Being scared and being fearful sounds like the same thing, but we recently read the book Courage is Calling, by Ryan Holiday, which argues otherwise. In the book, Holiday writes:
A scare is a temporary rush of a feeling. That can be forgiven. Fear is a state of being, and to allow it to rule is a disgrace. One helps you—makes you alert, wakes you up, informs you of danger. The other drags you down, weakens you, even paralyzes you. In an uncertain world, in a time of vexing, complicated problems, fear is a liability. Fear holds you back.
This distinction is interesting because it separates the quick from the continuous. The quick is our uncontrollable reaction that we evolutionarily acquired: a scare. The continuous is a choice that we oftentimes unwittingly make, to our own detriment. Understanding this difference empowers us to take charge of our thoughts and banish counterproductive fear.
If Fear is a Choice, Choose Well
Stoics described fear as a combination of emotion and judgment. Emotions are necessary, but judgment influences the degree to which we internalize emotions and, consequently, their amount of usefulness. This plays into the stoic philosophy of the dichotomy of control: you can control some things; others you cannot.
Fear is caused by many things, one of the most prevalent being our biases. Because biases cause blind spots, they make it difficult for us to take agency over our fears. Some of the most troublesome biases that contribute to fear include loss aversion, pessimism bias, and status quo bias. But overcoming them is not impossible. We can take measures to mitigate the effects biases have on our lives and seek out differing viewpoints from others to shed more light on the shadow of fear.
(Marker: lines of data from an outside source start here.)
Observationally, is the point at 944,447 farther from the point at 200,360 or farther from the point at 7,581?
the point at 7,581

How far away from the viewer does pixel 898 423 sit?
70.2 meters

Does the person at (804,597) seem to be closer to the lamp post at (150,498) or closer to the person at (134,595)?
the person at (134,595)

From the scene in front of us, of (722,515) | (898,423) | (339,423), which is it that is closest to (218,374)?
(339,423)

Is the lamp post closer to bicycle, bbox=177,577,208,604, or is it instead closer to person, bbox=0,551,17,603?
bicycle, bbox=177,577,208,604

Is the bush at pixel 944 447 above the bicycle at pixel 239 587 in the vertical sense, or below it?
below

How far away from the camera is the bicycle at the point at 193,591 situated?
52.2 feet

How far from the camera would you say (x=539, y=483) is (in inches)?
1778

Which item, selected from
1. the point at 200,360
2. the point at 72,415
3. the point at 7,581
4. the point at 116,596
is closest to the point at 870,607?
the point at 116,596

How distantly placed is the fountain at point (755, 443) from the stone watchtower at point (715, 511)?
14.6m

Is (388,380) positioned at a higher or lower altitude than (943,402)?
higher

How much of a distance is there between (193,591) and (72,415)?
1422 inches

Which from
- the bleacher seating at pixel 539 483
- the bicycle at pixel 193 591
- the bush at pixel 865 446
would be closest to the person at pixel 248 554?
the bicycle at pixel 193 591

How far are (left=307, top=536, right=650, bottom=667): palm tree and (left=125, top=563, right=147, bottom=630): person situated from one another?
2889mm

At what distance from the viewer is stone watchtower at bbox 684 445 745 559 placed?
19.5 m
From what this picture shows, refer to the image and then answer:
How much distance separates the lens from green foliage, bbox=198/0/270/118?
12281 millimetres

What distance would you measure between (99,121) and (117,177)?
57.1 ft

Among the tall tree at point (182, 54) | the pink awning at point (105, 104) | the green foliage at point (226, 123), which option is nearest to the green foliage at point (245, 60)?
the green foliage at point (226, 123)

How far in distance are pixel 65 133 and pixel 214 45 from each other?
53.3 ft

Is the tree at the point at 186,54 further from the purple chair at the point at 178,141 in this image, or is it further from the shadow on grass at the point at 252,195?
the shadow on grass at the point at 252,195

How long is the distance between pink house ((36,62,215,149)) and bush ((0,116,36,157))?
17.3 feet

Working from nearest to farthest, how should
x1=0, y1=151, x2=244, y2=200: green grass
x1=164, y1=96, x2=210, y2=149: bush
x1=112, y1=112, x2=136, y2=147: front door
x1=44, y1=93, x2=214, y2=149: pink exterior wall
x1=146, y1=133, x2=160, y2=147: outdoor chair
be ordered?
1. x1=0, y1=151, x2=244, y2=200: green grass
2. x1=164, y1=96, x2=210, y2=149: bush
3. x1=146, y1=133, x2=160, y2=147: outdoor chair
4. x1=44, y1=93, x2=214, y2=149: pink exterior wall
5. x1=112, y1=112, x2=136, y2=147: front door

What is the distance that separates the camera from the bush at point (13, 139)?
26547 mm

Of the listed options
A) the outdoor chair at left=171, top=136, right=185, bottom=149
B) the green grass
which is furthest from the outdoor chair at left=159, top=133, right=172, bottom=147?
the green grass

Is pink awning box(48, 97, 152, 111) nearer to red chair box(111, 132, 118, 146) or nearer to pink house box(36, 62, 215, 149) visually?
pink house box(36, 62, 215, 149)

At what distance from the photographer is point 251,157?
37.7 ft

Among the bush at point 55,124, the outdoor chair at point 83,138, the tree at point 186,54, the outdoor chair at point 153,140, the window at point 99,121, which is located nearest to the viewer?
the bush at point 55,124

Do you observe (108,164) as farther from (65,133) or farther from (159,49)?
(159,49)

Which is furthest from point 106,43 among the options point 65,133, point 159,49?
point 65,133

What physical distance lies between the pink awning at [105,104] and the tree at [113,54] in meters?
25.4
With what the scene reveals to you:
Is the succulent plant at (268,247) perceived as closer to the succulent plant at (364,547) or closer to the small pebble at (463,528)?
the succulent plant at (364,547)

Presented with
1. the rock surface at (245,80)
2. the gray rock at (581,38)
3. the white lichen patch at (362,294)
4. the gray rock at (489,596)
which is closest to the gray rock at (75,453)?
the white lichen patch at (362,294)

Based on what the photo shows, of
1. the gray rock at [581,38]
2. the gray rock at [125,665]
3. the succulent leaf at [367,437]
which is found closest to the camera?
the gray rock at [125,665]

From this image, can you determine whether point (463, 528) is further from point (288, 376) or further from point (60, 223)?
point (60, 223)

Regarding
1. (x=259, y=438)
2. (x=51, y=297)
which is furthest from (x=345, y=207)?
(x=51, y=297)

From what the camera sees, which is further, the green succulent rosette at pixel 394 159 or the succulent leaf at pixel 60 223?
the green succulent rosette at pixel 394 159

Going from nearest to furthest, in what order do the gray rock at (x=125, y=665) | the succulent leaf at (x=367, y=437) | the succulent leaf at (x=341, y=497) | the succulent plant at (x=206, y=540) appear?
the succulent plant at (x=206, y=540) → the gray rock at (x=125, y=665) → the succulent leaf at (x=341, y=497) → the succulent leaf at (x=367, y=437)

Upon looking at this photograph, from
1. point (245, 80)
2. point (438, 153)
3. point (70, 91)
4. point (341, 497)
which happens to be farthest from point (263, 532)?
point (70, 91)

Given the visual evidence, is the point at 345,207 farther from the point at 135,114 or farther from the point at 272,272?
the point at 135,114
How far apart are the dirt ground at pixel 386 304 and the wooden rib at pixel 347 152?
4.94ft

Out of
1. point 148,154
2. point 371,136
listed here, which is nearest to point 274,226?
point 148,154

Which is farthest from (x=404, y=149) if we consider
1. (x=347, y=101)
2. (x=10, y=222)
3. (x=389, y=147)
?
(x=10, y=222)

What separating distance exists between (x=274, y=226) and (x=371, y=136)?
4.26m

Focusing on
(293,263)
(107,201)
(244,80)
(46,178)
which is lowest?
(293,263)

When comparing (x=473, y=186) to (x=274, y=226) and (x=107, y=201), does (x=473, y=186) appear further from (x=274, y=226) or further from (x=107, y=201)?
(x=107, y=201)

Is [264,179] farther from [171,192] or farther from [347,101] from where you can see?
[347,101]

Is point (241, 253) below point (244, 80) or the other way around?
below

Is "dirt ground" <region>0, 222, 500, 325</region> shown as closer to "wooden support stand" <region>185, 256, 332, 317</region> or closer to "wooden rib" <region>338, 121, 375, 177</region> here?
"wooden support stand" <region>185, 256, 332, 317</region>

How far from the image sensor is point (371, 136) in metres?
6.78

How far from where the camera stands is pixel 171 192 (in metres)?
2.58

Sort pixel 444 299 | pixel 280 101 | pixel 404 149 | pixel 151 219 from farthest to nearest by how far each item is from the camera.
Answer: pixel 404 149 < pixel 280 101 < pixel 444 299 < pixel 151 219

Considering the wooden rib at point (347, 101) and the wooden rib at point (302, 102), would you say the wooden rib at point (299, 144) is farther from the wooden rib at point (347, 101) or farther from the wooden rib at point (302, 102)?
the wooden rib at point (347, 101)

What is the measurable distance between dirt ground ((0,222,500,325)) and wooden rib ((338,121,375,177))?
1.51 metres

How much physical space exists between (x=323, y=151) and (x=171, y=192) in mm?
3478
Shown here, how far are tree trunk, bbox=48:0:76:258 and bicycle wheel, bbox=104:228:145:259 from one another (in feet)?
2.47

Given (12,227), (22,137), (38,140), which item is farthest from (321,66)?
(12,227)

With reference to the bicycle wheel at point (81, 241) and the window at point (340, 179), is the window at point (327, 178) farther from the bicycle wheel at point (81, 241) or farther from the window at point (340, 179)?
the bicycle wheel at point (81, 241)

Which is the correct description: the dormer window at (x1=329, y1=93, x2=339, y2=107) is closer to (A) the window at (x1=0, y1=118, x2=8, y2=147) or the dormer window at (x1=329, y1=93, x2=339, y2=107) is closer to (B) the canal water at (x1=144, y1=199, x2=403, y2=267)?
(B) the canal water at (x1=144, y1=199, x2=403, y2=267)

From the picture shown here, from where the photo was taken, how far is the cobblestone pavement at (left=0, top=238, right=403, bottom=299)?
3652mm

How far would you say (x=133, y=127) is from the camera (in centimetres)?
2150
And we can use another bias to aid us in combating the effects of other biases: attentional bias. Attentional bias describes our tendency to focus on certain things instead of others. So choose to focus on what you can control. Direct your effort, energy, and emotions there instead of toiling away at things you cannot change. That will mitigate the effects of the other biases working against you, which in turn will reduce the power of fear over you.
The choice to do so is within your control.
The Takeaway
It doesn’t matter if you differentiate between scares and fears in a linguistic sense. Call it whatever you want. But there is a difference between the phenomena. There is an immediate response to new stimuli that is uncontrollable. And then there is a slower, sustained behavior. It’s understanding that this difference exists and the consequences of how you decide to respond to them are real.
Succumbing to the behavior that leads to paralysis is easy to do, especially if we think it’s something we have no control over. But we can control it in ourselves and influence it in others. Fear is a choice. Choose well.